Labour Court Database __________________________________________________________________________________ File Number: CD88606 Case Number: AD8859 Section / Act: S13(9) Parties: KING FOODS LIMITED - and - IRISH TRANSPORT AND GENERAL WORKERS' UNION |
Appeal, by the Union against Rights Commissioner's Recommendation No. B.C. 227/88.
Recommendation:
"In the light of the above and especially in the context of
the inexplicable gap between the accident and the penalty
proposed or indeed between the plea of guilty to a charge of
careless driving and the penalty imposed, I believe it is
unfair on the company's part to dismiss X. However, I do see
that the company has some difficulties in the matter and I do
not propose re-instatement. I recommend that King Foods pay
to X the sum of #7,500 and that this is accepted by him in
full and final settlement of all claims on the company in
relation to the termination of his employment".

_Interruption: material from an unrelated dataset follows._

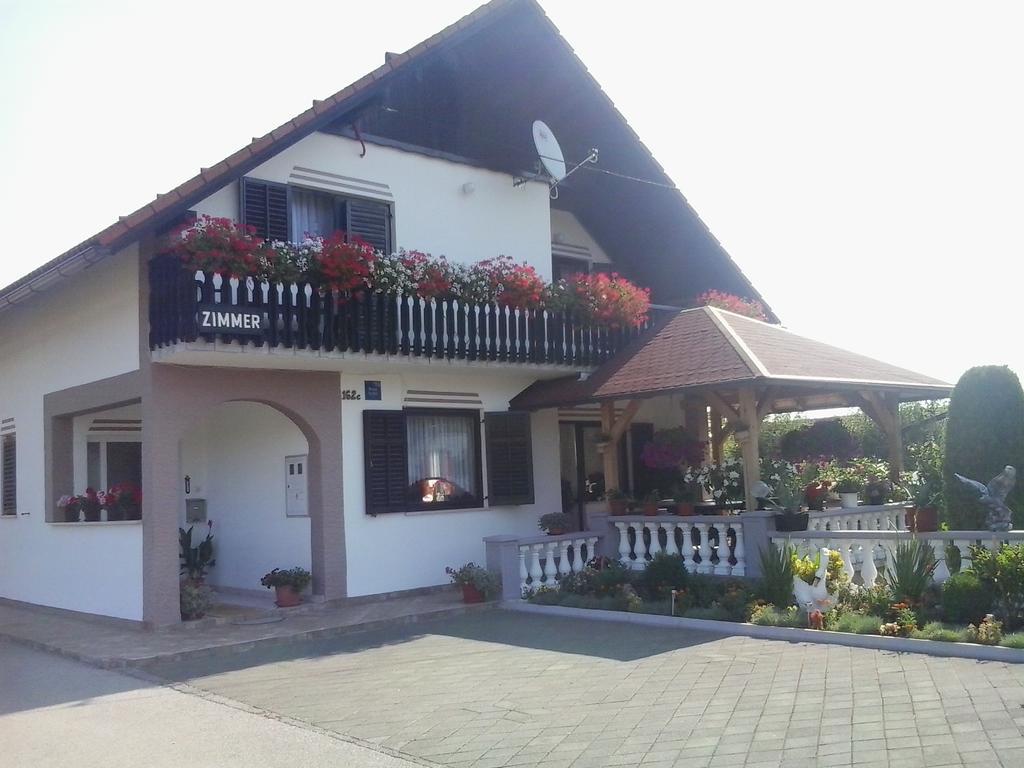 Guesthouse Tomas Catrnja Екстер'єр фото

On 2nd August, 1988 the Union appealed this recommendation to the
Labour Court under Section 13(9) of the Industrial Relations Act,
1969, on grounds of insufficient remedy. The Court heard the
appeal on 19th September, 1988.
UNION'S ARGUMENTS:
3. 1. The Union notes and accepts the Rights Commissioner's
contention that the worker was subject to an unfair decision
but is contesting the remedy proposed by him. From the outset
the Union has sought the reinstatement of the worker as a
permanent employee. Had the worker been made redundant he
would have received a greater sum than #7,500. In these
circumstances the Union believes that this sum fall short of
effective compension for an unfair decision to dismiss.
3. 2. The worker did not reject the offer of a job, i.e.
redeployment, but rejected the dismissal and re-employment on
a temporary basis. At the Rights Commissioner's hearing, he
considered the options of a redundancy/severance offer
compared with the option of a casual job and indicated that
only a redundancy settlement, in line with other settlements
in the Company, would go towards compensating him for the loss
of his job.
COMPANY'S ARGUMENTS:
4. 1. Despite the very serious accident in which he was
involved, the claimant subsequently continued to drive at
excessive speeds. He has received warnings about this matter.
The Company has lost confidence in him as a driver and could
not retain him in that capacity. In addition, it cannot
afford to take the risk in relation to possible future
insurance claims and the effect on the insurance premium.
2. The Company considers that its proposal to give the
claimant a reasonable alternative position is fair. This
position would mean virtually uninterrupted employment. The
Rights Commissioner's recommendation for a #7,500 lump sum in
full and final settlement is generous.
DECISION:
5. The Court, having considered the submissions made by the
parties considers that the claimant should have been treated as
being redundant and that he be paid accordingly.
The Court so decides.
Division: Mr Fitzgerald Mr Heffernan Ms Ni Mhurchu
Text of Document__________________________________________________________________
CD88606 APPEAL DECISION NO. AD5988
INDUSTRIAL RELATIONS ACTS, 1946 TO 1976
SECTION 13(9)
PARTIES: KING FOODS LIMITED
(Represented by the Federated Union of Employers)
and
IRISH TRANSPORT AND GENERAL WORKERS' UNION
SUBJECT:
1. Appeal, by the Union against Rights Commissioner's
Recommendation No. B.C. 227/88.
BACKGROUND:
2. In February, 1987 one of the Company's permanent drivers was
involved in a serious road accident while driving a Company
vehicle. He had been employed by the Company as a long distance
lorry driver for approximately nine years. A few days after the
accident he returned to work in his usual position. He was
charged with dangerous driving and at a court case some months
later he pleaded guilty to careless driving and was fined #10.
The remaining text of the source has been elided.